[TASK GOAL]
Below are entries with pictures among them; reproduce exactly, and only, the lines from the one containing "Nouvel Anémomètre à" down to the one containing "LONELY GHOST Unisex", without the pictures.
(Beginning of SUPPLIED INFORMATION)
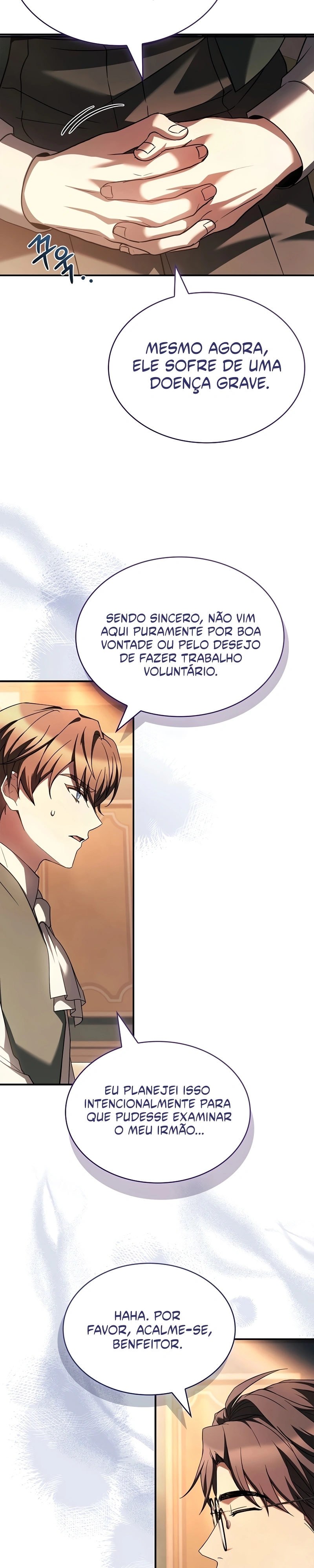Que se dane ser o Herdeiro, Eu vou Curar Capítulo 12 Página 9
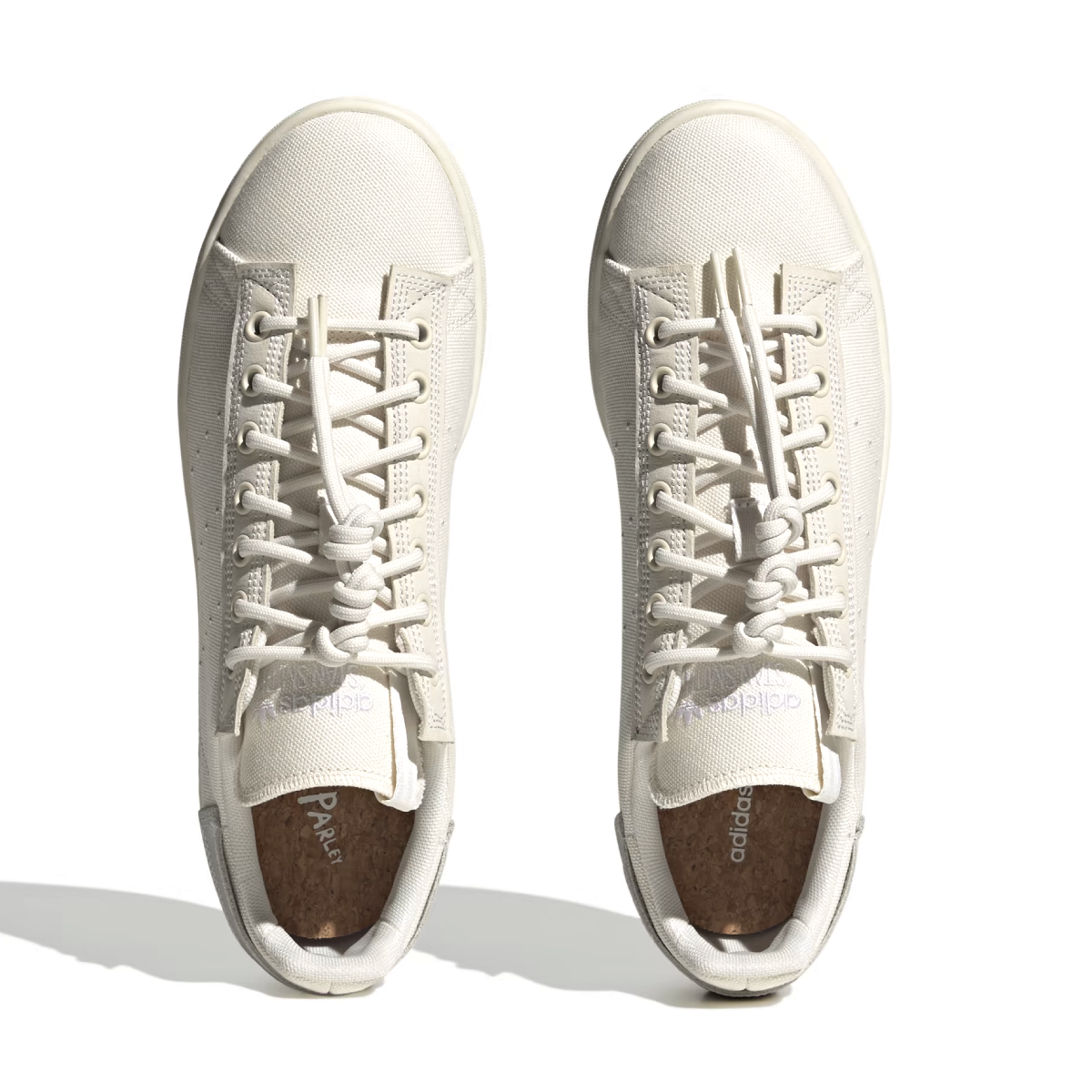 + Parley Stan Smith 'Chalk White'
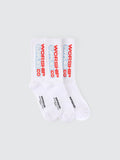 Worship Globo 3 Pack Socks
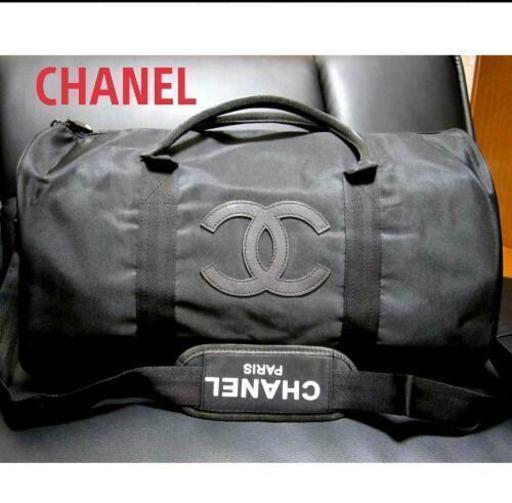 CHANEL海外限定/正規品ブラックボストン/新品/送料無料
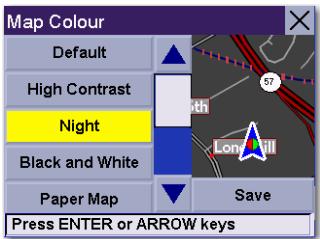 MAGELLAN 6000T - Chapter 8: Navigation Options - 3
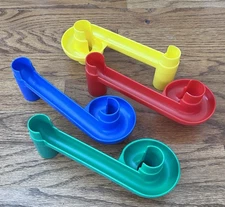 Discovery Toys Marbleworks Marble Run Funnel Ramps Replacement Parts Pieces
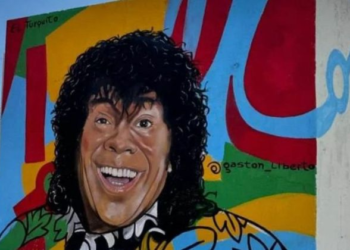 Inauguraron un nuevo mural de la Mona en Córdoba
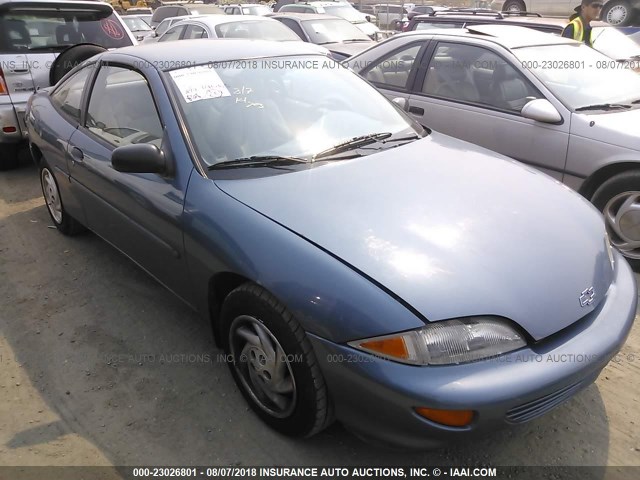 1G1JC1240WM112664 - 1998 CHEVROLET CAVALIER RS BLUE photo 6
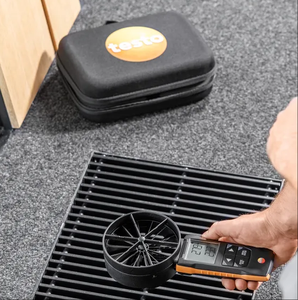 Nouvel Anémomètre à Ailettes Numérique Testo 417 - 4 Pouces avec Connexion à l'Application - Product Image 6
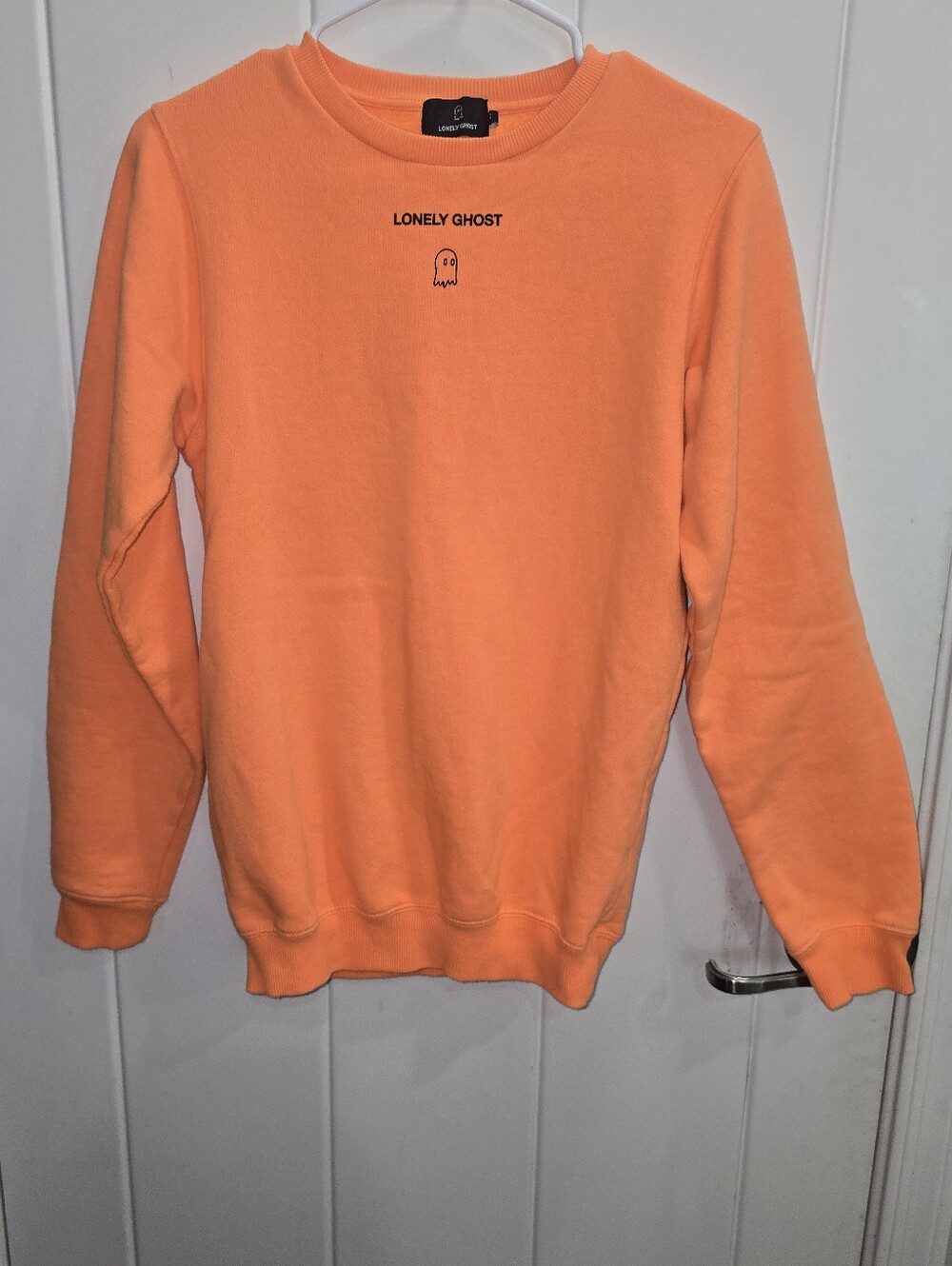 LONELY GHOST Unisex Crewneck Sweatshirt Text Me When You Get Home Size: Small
(End of SUPPLIED INFORMATION)
(Beginning of SUPPLIED INFORMATION)
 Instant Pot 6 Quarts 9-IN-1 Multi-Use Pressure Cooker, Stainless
(End of SUPPLIED INFORMATION)
(Beginning of SUPPLIED INFORMATION)
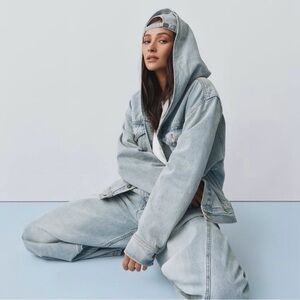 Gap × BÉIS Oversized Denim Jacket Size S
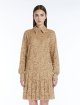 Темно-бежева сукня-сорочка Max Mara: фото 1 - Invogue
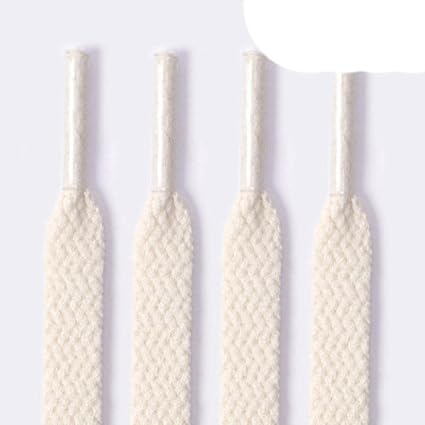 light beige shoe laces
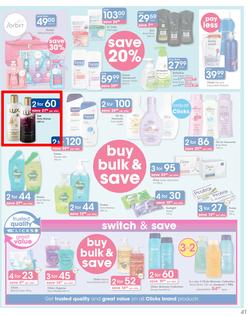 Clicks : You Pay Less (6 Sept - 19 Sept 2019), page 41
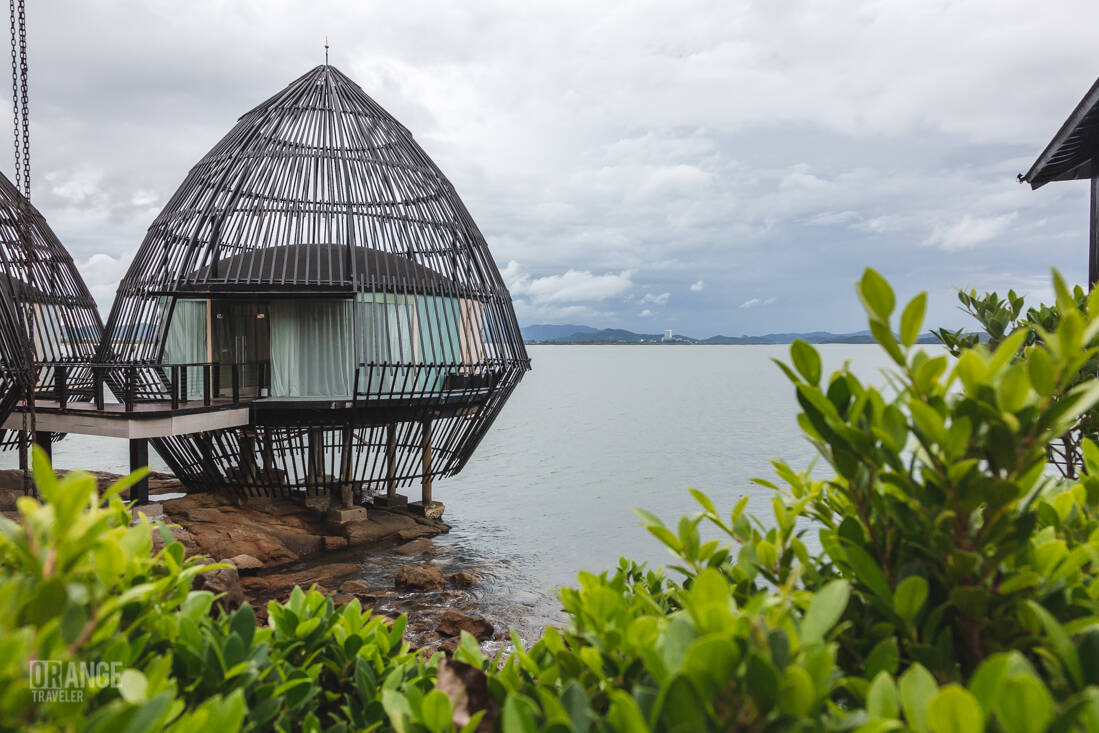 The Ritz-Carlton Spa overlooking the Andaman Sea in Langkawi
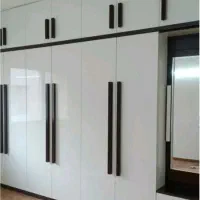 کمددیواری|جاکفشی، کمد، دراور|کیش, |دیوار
(End of SUPPLIED INFORMATION)
[OUTPUT OF THE TASK]
 Nouvel Anémomètre à Ailettes Numérique Testo 417 - 4 Pouces avec Connexion à l'Application - Product Image 6
 LONELY GHOST Unisex Crewneck Sweatshirt Text Me When You Get Home Size: Small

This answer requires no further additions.